Lori Gibson of the Fauquier Historical Society was there to mark the occasion. Her organization’s researchers estimate the tree is more than 100 years old.
Brother and sister Alek and Glenna Moore represented the younger generation, and each were presented with a piece of the tree. “We just want to remember it,” said Alek.
When most of the branches had been removed from the tree, their mom said it was time to go to school. “They just really wanted to be here,” she said. “And why not?”
Questions about what will happen to the wood from the tree have been swirling around town for weeks. Brandie Schaeffer, interim town manager, said that Terrance Lasher, assistant state forester, reached out to her regarding the courthouse tree. In an email to town council members, she said, “I met with him … on a program they offer called Urban Wood Utilization. They have found that the removal of urban trees often leads to … a landfill because of the complications with milling of trees with nails. They have created a program that matches jurisdictions with artisans that can find the best ways to reuse the urban tree.”
She added, “He confirmed the tree as almost dead and a liability. He pointed out several things including the presence of foliage only on the lower limbs, with those at the highest point being bare. He said this is a simple way to identify the tree is no longer receiving nutrients and doing the job of photosynthesis.”

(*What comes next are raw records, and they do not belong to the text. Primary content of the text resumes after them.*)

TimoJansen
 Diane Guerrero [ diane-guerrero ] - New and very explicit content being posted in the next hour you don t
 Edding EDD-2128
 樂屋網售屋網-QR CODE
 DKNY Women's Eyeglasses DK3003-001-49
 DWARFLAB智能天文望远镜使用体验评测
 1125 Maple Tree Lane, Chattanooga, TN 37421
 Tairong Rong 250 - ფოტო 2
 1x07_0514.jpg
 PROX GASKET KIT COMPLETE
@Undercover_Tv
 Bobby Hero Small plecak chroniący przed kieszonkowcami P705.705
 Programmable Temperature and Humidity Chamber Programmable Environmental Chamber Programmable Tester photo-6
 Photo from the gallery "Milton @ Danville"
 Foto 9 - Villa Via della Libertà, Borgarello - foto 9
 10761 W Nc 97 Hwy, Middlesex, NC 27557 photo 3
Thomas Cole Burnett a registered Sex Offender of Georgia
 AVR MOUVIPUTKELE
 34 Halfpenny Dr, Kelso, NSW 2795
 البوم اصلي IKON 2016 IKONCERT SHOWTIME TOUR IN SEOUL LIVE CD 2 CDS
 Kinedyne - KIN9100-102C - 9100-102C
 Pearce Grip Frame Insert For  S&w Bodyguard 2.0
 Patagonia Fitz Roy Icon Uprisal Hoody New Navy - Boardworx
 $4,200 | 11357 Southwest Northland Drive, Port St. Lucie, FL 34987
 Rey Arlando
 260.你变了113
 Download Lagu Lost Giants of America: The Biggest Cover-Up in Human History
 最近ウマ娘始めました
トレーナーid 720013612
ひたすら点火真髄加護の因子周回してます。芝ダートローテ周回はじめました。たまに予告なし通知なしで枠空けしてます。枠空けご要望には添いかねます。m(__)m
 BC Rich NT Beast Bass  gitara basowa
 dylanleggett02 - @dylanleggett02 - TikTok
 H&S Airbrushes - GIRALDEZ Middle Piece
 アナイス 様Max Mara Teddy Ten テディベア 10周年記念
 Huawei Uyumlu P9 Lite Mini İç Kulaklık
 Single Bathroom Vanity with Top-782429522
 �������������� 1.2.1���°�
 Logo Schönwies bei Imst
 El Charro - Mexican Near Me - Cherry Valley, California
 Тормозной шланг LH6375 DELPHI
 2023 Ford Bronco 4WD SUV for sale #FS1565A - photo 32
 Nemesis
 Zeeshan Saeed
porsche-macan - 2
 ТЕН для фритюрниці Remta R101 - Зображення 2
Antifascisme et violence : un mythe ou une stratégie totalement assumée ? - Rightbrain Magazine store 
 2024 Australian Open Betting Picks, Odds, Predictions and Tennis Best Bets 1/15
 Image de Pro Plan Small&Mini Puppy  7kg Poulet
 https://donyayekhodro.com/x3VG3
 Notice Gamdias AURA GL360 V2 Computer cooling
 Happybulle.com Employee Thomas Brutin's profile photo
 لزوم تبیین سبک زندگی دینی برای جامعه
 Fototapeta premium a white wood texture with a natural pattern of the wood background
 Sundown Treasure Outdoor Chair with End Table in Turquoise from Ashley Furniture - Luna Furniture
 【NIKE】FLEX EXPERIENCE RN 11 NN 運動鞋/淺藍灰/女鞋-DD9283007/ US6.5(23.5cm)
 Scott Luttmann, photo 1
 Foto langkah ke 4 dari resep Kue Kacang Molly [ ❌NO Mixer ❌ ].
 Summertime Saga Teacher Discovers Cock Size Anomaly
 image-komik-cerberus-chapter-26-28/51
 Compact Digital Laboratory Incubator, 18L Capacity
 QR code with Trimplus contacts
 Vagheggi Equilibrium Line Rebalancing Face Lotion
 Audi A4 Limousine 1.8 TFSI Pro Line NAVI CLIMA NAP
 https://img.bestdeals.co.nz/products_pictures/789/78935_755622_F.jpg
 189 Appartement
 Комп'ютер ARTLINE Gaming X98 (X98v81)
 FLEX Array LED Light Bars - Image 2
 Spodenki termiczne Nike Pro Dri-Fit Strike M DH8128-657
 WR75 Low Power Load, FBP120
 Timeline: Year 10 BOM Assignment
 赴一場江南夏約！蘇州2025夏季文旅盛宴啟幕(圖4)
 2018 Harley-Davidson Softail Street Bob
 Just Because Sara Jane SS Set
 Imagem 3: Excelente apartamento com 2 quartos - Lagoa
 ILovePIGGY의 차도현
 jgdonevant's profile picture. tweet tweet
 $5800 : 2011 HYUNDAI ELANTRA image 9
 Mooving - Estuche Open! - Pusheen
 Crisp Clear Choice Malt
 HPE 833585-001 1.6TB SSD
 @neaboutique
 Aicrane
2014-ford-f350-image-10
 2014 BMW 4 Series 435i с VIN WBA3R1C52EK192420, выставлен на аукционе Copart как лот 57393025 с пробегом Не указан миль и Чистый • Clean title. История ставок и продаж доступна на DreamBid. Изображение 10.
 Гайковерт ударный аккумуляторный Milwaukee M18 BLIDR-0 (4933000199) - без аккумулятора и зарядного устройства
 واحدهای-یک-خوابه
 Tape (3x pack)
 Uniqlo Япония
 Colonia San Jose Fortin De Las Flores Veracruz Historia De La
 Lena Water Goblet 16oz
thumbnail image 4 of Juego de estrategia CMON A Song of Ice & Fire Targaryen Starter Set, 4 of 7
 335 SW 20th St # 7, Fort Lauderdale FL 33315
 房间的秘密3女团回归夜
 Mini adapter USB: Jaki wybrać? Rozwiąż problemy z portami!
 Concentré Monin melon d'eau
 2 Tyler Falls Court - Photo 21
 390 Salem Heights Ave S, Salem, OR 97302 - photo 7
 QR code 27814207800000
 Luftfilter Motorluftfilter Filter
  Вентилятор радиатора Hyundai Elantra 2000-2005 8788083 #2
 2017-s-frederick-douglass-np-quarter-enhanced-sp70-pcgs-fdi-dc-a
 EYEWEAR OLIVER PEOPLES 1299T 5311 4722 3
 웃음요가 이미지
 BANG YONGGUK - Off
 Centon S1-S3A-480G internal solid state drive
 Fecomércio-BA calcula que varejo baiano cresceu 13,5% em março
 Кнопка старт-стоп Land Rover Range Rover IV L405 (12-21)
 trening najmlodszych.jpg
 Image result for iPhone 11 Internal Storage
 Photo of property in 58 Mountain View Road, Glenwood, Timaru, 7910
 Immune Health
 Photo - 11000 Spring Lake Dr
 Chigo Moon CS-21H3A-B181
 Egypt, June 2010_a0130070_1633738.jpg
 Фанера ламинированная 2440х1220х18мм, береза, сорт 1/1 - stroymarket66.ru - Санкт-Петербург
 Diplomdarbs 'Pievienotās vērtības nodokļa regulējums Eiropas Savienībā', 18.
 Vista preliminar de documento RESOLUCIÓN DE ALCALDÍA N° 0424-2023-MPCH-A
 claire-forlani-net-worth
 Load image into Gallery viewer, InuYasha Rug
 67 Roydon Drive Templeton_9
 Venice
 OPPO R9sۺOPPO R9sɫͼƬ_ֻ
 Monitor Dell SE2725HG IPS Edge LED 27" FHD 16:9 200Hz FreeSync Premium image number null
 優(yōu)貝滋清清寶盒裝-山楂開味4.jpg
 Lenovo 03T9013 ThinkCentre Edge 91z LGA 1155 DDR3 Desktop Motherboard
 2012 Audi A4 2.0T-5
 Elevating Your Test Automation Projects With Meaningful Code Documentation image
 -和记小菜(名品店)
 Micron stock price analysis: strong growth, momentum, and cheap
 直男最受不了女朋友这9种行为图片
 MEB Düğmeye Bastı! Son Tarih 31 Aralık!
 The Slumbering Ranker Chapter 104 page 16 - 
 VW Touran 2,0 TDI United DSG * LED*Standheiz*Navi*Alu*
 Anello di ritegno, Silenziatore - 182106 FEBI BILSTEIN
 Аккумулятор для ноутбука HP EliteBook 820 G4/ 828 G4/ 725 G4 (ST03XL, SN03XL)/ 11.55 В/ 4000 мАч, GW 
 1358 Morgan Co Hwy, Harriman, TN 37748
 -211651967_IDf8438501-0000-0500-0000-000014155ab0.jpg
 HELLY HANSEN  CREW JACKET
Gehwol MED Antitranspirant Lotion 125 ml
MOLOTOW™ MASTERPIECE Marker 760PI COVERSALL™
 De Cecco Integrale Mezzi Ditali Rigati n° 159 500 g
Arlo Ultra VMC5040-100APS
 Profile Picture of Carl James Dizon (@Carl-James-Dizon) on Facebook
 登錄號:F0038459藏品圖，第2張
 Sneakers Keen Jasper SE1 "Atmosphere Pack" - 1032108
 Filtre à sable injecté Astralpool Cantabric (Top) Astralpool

Scheaffer said that as far as using the wood from the tree for other purposes, “the presence of fungus will determine if it can even be used. He also wanted me to understand how little we will be able to produce with the tree. For every log we cut, we should plan to see it shrink and lose half. … We can get a bunch of small items or one big item, but probably not enough useful wood for both. He said he would choose one big item like a table or bench so there is something to point to long term, but the council could also raise revenue by selling small pieces of the tree.”
Schaeffer said that Lasher is not hopeful about the ability to get a sprout from the tree to “potentially plant a baby version” as there are little to no seeds.